Leave the pictures out and restate every line below exactly.

> [Given information]
● ● ● ● ● ● ●

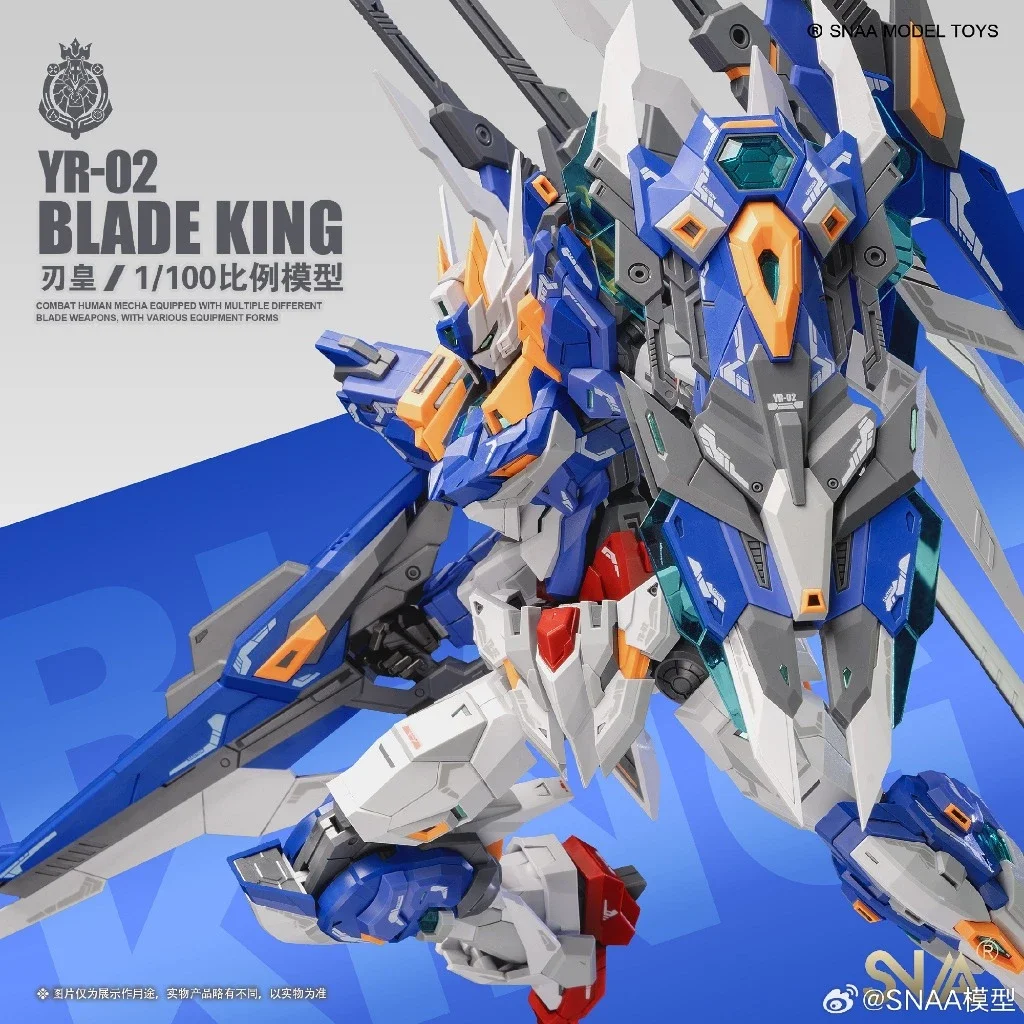 Mô hình lắp ráp mg 1/100 yr-02 blade king snaa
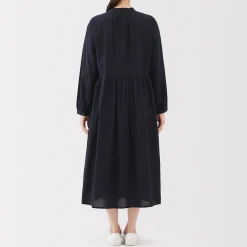 Robes Et Tuniques^Muji Robe chemise midi en voile de coton pour femme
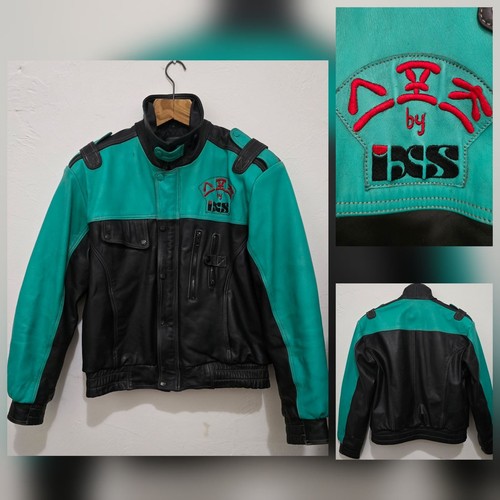 Giacca pelle moto uomo ixs - pelle,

● ● ● ● ● ● ●

> [Written reply]
 Mô hình lắp ráp mg 1/100 yr-02 blade king snaa
 Robes Et Tuniques^Muji Robe chemise midi en voile de coton pour femme
 Giacca pelle moto uomo ixs - pelle,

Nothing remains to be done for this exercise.